LIVINGSTON, NJ – Although on the face of it, graduates of Livingston High School’s (LHS) Class of 2017 are moving on to institutions of higher learning at about the same impressive rate as they did in past years, slight differences in post-secondary pursuits are beginning to shine through, according to a presentation given by Director of School Counseling Services Sinead Crews at Monday’s Livingston Board of Education (LBOE) meeting.

The nearly 450 students who graduated in June submitted 3,740 applications to 369 different colleges and universities, which was a slight increase from the prior year’s number of 3,500 applications. However, similar to prior years, 96 percent of students have gone on to post-secondary institutions while 3 percent moved directly into a job, enlisted in the military or were admitted to a gap year program (with females constituting the majority of that 3 percent). 

According to the presentation, there was a very slight increase, year over year, of students who went on to attend a four-year college (405 students in 2017 vs. 401 students in 2016) and a similar decrease in those attending a two-year college (27 vs. 30, respectively).

Sign Up for E-News

Crews said it was also worth noting the slight increase in the percentage of males attending a four-year college (89 percent in 2017 compared to 86 percent in 2016). Simultaneously, there was a slight decrease for female students, with 92 percent attending a four-year college in 2017, compared to 94 percent from the year before. 

Additionally, the percentage of special education students attending four-year colleges increased from 64 percent to 65 percent.

“I think this is reflective of the conversations we’ve been having for several years now in the Counseling Department in terms of focusing on best fit for students for their post-secondary plans,” said Crews.

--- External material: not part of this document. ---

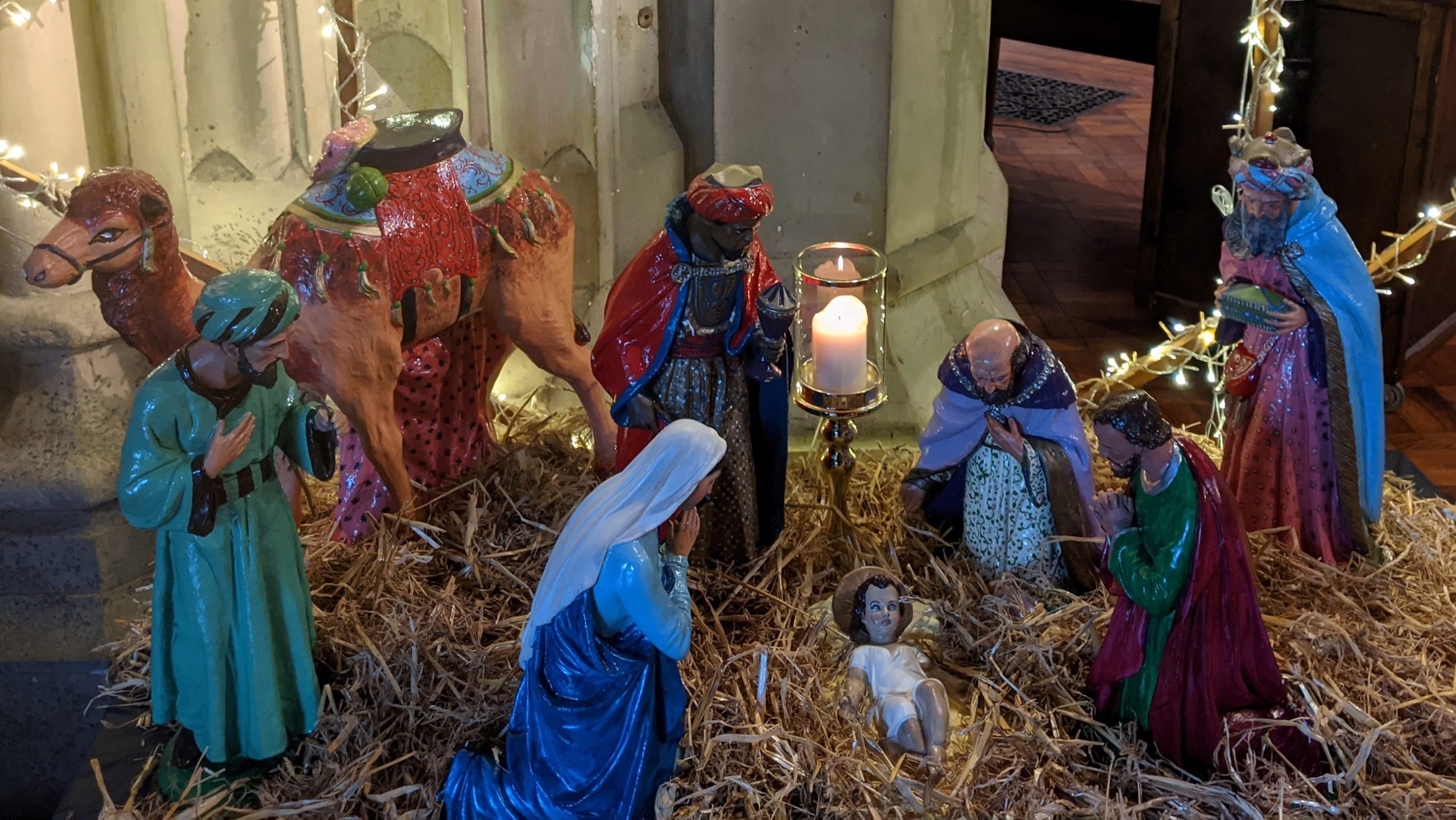 A depiction of the Magi visiting the crib scene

Although there are similarities between the specific colleges and universities that four or more LHS graduates of both 2016 and 2017 went on to attend—with institutions like Rutgers University-New Brunswick (41 students attending), County College of Morris (18 students), Syracuse University and University of Delaware (13 students each) and Pennsylvania State University (11 students), leading the pack—several new schools not previously represented on the list made an appearance in 2017.

These schools included: Monmouth University (six students); Carnegie Mellon University, Muhlenberg College and Stockton University (five students each); and Elon University, Stephens Institute of Technology and Quinnipiac University (four students each).

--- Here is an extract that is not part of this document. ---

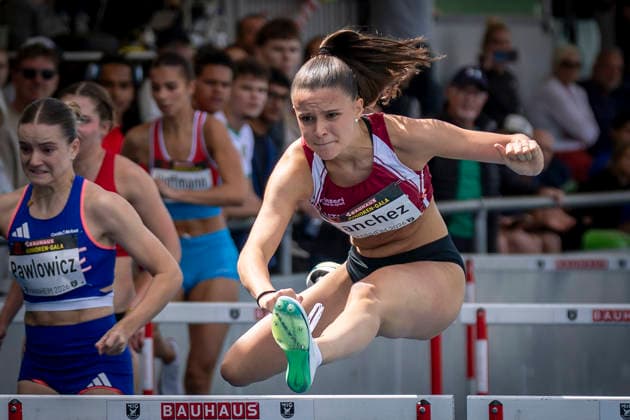 MANNHEIM, GERMANY - JUNE 14, 2026 : Jil Sanchez (SUI Switzerland) competing in the 100m hurdles U20 during the Juniorengala 2026 at Michael-Hoffmann-Stadion on June 14, 2026 in Mannheim, Germany. Baden-Wuerttemberg Germany Copyright: xAxelxKohringx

Although 23 of the 32 colleges and universities most highly attended by LHS grads are located in the northeast, LHS students are now also migrating toward the mid-west and the south areas of the country. Schools that topped these lists include: Indiana University at Bloomington (ten students), University of Michigan (nine), Washington University in St. Louis (six) and The Ohio State University (four) in the mid-west; and The University of Tampa (nine), University of Miami (five), Elon University (four), Tulane University (four) and Vanderbilt University (four) in the south.

The counseling department plans to continue using strategies that include the application of the Naviance system for 7th-through 12th-graders (a system designed to marry student strengths to the most beneficial post-secondary choices for them); counselor visits to colleges and universities; regional information sessions for interested college admissions counselors to attend; and evening programs for students in grade 10 and up and their parents. 

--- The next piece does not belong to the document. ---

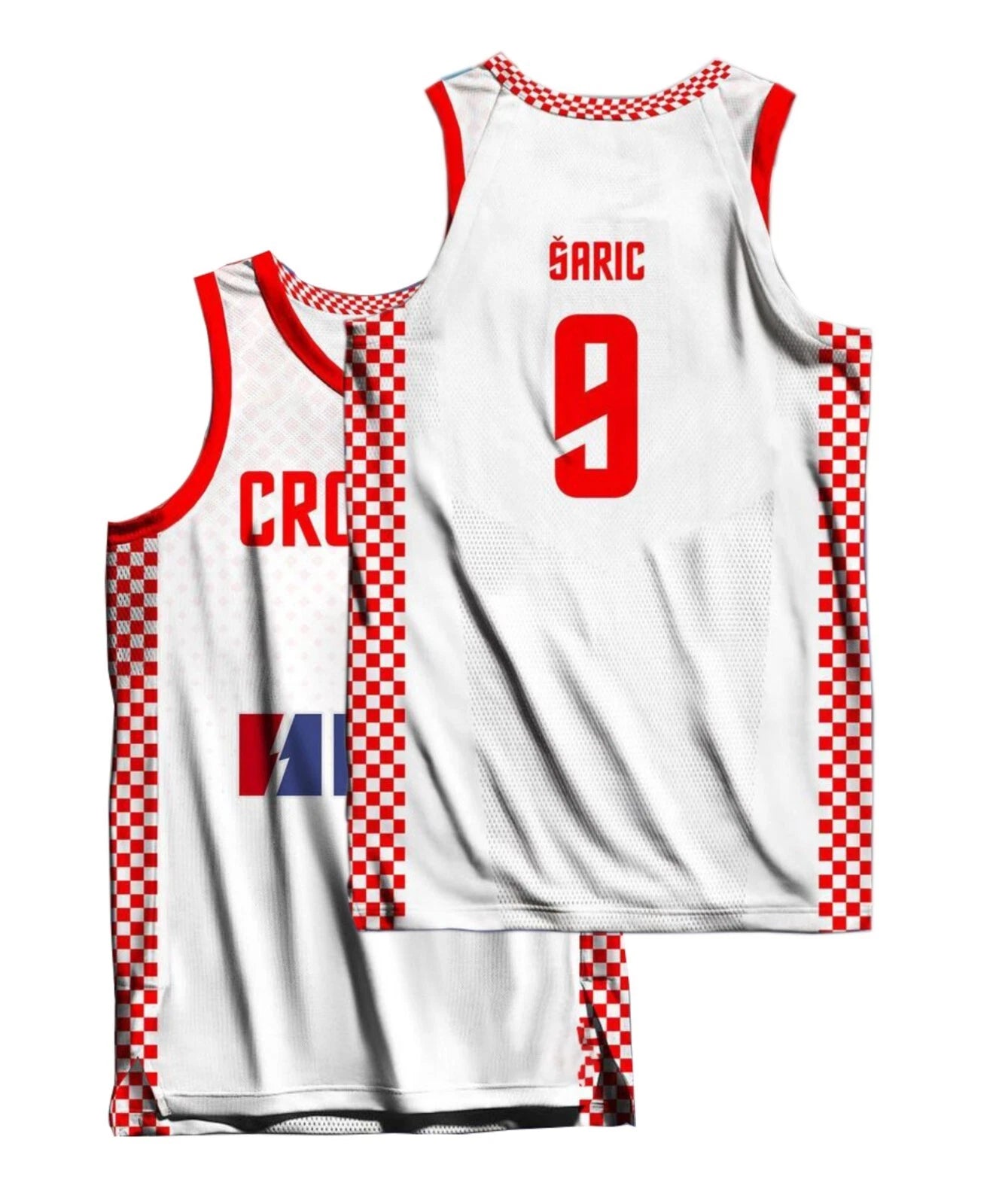 Custom Bogdanović #44 Šarić #9 Team Croatia Basketball Jersey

Beyond the consideration of traditional college programs, the department will also continue to provide opportunities to partner with military recruiters, recruiters from overseas colleges, and other alternative options.

During the presentation on Monday, the LBOE asked Superintendent of Schools Christina Steffner whether the counseling department tracks students who have moved on to two-and four-year colleges to see what becomes of them in the next stage of their lives.

“We’re hoping with the use of [the data in] New Jersey Smart, we’ll be able to see how many students graduate in four versus five years and utilize other similar measures to track the progress of our graduates such as whether they go on to college, a career in the military, or other pursuits,” said Steffner.  

In response to a final question regarding stress reduction for students and parents going through this transition process, Crews said, “I think we—collectively—have to breathe.”

“This is a big and scary process for every single student and parent,” said Crews. “Students need to be there for their peers and their friends, to talk with and to process with. At the same time, they need to put their blinders up so they can focus on themselves, what their goals and interests are and how they can take care of themselves in a way that best benefits them at the end of the day."